Однако в последние месяцы мое положение в этом смысле изменилось к худшему, о чем я еще не имел случая упомянуть. Причиной была новая, неведомая мне прежде боязнь. Едва только я садился за руль и в поле моего зрения оказывался прохожий, мною овладевало жесточайшее искушение: резко, но и коварно, не привлекая ничьего внимания, притопить, увеличить скорость – и одним ударом снести это рвущееся, ломающееся, лопающееся на лету препятствие, – а затем с осторожностью миновать все то, что останется от него на проезжей части, и продолжить свой дальнейший путь со скоростью, дозволенной в городских пределах. Я был уверен, что задерживать меня не осмелятся. Еще сильнее тянуло взъехать на тротуар, и я отрабатывал в себе эти ничтожные на вид, плавные, волнообразные покачивания руля в сочетании с легкими прикосновениями плюсны к акселератору, которые позволили бы мне, мчась по спиральной траектории, поразить возможно большее число беспорядочно суетящихся целей.

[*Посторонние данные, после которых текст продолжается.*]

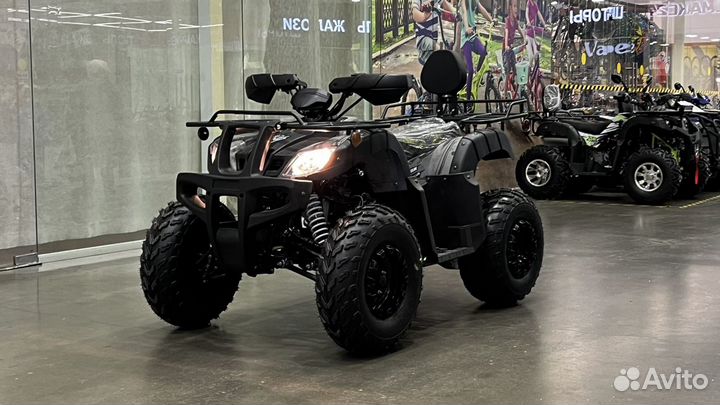 Доступный Квадроцикл Motax ATV Grizlik 200 Lux(Нов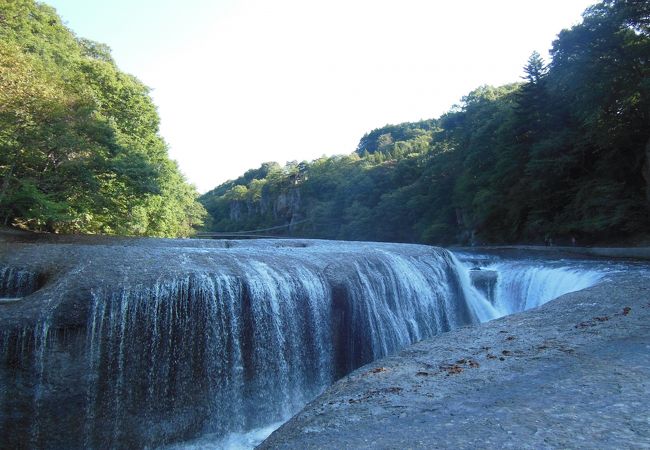 吹割渓谷 吹割の滝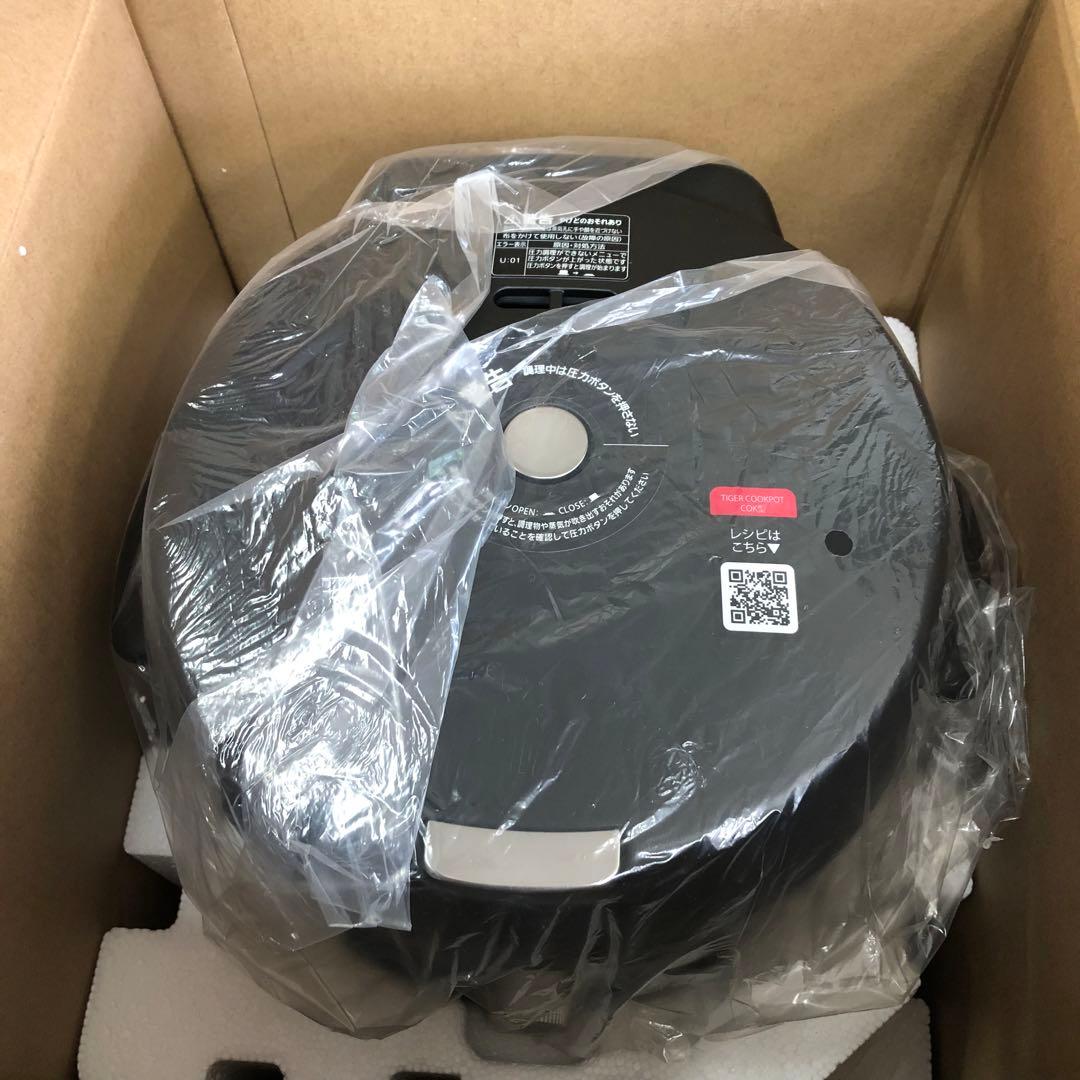 タイガー 電気圧力鍋 COK-N220 マットブラック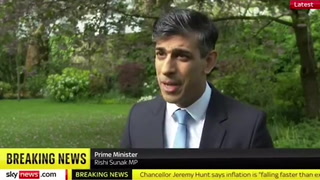 Rishi Sunak says Tories have ‘plan’ six times in 40-second interview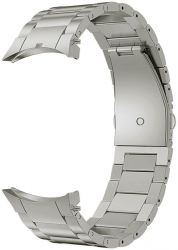 Curea Titan MTP Titanium Band Compatibila Samsung Galaxy Watch 4 Classic 46mm Model Super Usor Titanium Gray 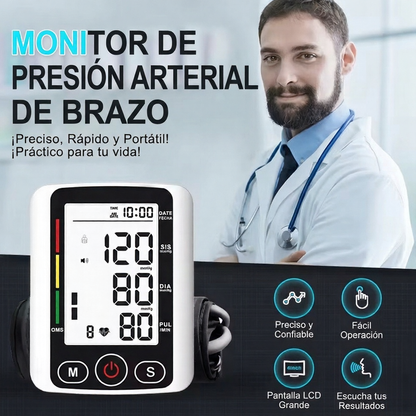 Tensiómetro de brazo digital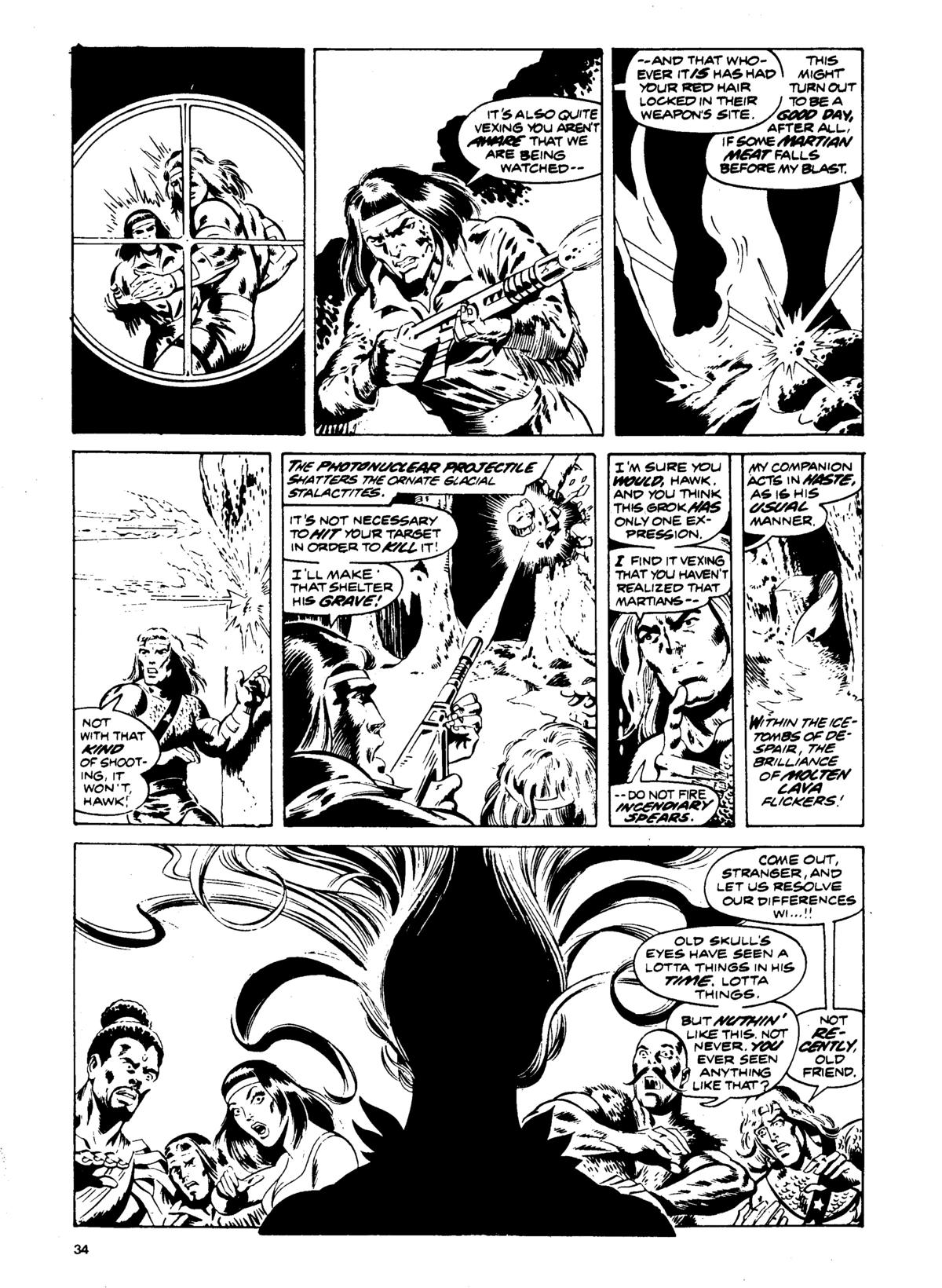 Read online Star Wars Weekly comic -  Issue #153 - 34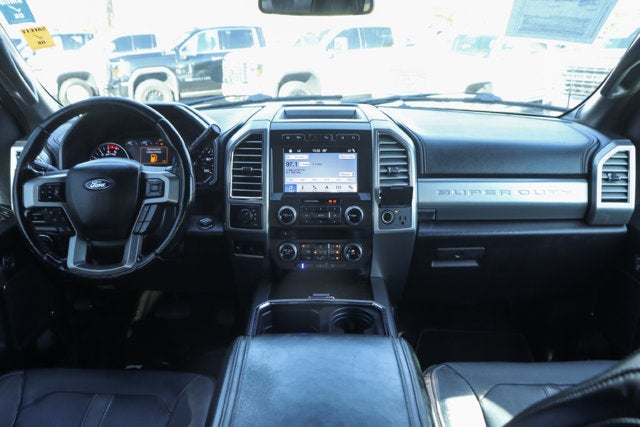 2017 Ford F-350SD Platinum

Я не воспитывал себя окриками и призывами к дисциплине и благонравию, но, добровольно вступив с самим собой в тайный лукавый сговор, подмигивал и едва слышно повторял сквозь зубы: не теперь, не теперь, еще ты к этому, Колян, не готов, не готов еще, – испытывая при этом неизъяснимое, выражено полового ряда наслаждение, от которого мне приходилось со все большим усилием отказываться. Это была, конечно, разновидность мозговой игры; но уж слишком яркими становились мои дорожные миражи, а после захода солнца, в сумерках, я вел автомобиль буквально вслепую, как бы пребывая в эпицентре удесятеренных световых и пиротехнических вакханалий, свойственных rock-концертам и дискотекам 80-х – 90-х годов прошлого века, – я еще успел повидать их воочию.

Таким образом, каждая, даже совсем непродолжительная поездка превращалась в мучительную трату душевных сил. В подобном положении вероятность настоящей, а не воображаемой аварии была достаточно высокой. Однако, стоило мне затормозить и распахнуть дверцу, как бесследно исчезало не только самое искушение, но и чувственное памятование о нем: я уже не мог вспомнить не только то, в чем оно состояло, но даже факт его несомненного существования и воздействия, только что сотрясавшего меня с головы до ног.